Dans les années 30 du 20ème siècle, le prêtre jésuite français, Pierre Antoine Poidebard , avait suscité un engouement dans le milieu académique international lorsqu’il publié son ouvrage « La trace de Rome dans le désert syrien » (Paris 1934). Dans sa partie réservée aux photos, on peut feuilleter des pages et des pages de splendides images de forteresses romaines, de routes et villes frontalières ; toutes prises du premier avion àdouble ailes. Avec rapidité, Poidebard a pu dessiner la carte de la Syrie romaine ou les restes des frontières successives. En 1945, les photos aériennes de la Syrie ont pris plus d’ampleur. Ce qui a poussé l’orientaliste et chercheur Sire Aurel Stein àfaire sa propre couverture de l’Irak et de la Jordanie en 1938-1939, avec l’aide des Forces royales de l’air britanniques. Il a publié son livre ; mais, après cela les photos aériennes dans toute cette région ont cessé.
Les auteurs de cet article, amateurs des prospections archéologique au Moyen-Orient, ont eu la chance d’avoir suivi les cours du professeur Barri Jones, qui leur a prêté une copie du livre de Poidebard. Après plusieurs tentatives, nous avons réussi en 1997 àfaire une prospection de la région grâce àl’aide des Forces aériennes royales de Jordanie (FARJ). Suite àquoi, il y eut un regain d’intérêt pour la photo aérienne dans une région qui a été la première dans le monde àl’avoir connue. Grâce àl’appui du prince Hassan, frère de feu le roi Hussein, et du prince Fayçal, frère du roi actuel, nous avons commencé une série de vols qui continuent jusqu’ànos jours.
Dans la plupart des années, nous effectuions nos vols sur des hélicoptères des FARJ (Hueys et Super Puma). Jusqu’àmaintenant, nous avons effectué 8 « saisons », avec un total de 82 heures de vols (certains sur un avion léger, Cessna). L’un des auteurs a transféré son avion britannique en Jordanie. La compagnie Chams nous a aidé dans cette opération, et nous en lui sommes reconnaissants. Nous avons survolé le pays de long en large, de l’est vers le Jourdain, et des frontières syriennes vers le golfe Al Aqaba. C’est avec une grande et constante sensation qu’on voit ce beau pays par voie aérienne. La diversité des lieus et des paysages, les plaines allant de la Mer Morte – le niveau le plus bas du monde – au plateau dont sont issus des brèches rocheuses, contraste fortement avec le vaste désert et avec les paysages s’étalant de la Mer Méditerranée au nord. Les paysages des régions arides suscitent les plus fortes sensations. Mais, les bulldozers sont arrivés maintenant dans toutes les régions de Jordanie. Notre travail va peut-être permettre l’enregistrement de ces lieux pour la première et la dernière fois.

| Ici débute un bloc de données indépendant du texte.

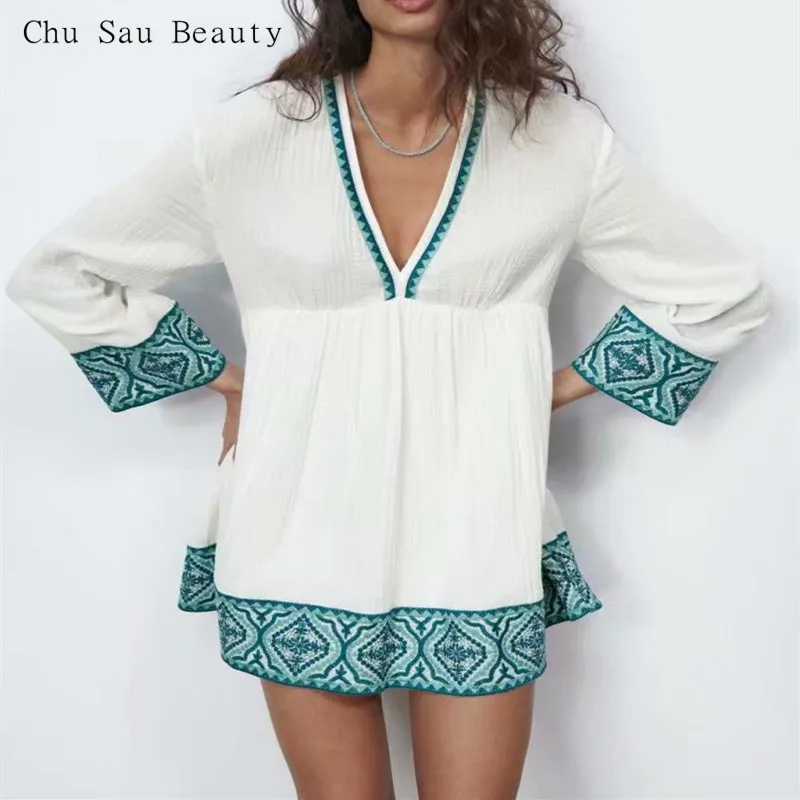 

Chu Sau Beauty 2021 Literary Style, Texture Stitching Dress, National Embroidery, V-Neck Long-Sleeved Temperament Doll Skirt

On pu photographier des sites de différents types et de diverses périodes historiques ; soit un total de quelque milliers de photos en couleur et en noir et blanc. En 2003, nous avons pu leur ajouter d’autres photos prises par une caméra vidéo numérique. Les photos sont àla dispositions du public, soit par le biais des auteurs, soit àAmman, par le biais du Centre britannique de recherches de l’Orient, de la division archéologique, ou àLondres, par le biais de l’institution des prospections de Palestine
L’objectif de départ consistait àphotographier 200 sites connus, représentant les diverses périodes historiques, des avions en papier aux forteresses ottomanes. Ce fut lànotre objectif chaque année, avec des ajouts pour étendre la liste des sites qu’on peut photographier. Nous avons élargi par la suite nos objectifs, pour expérimenter la prise de photo dans des saisons et en des temps différents, pour chercher minutieusement des sites en danger et pour chercher certains monuments précis. L’un de nos objectifs permanent a consisté àconcilier entre la recherche archéologique et les besoins d’un petit pays en développement. Les villes Petra, la nabatéenne et Jéricho, la romaine, sont très connues ; mais, la Jordanie dispose d’un héritage culturel immense. Il n’y a pas mieux que les photos en couleur pour exposer ce trésor ; photos qui font le parallèle avec celles prises par Poidebard et dont les lecteurs ont pu apprécier, 70 années durant. Le fruit de ce travail est contenu dans notre livre « L’ancienne Jordanie, vue aérienne », Londres, 2004.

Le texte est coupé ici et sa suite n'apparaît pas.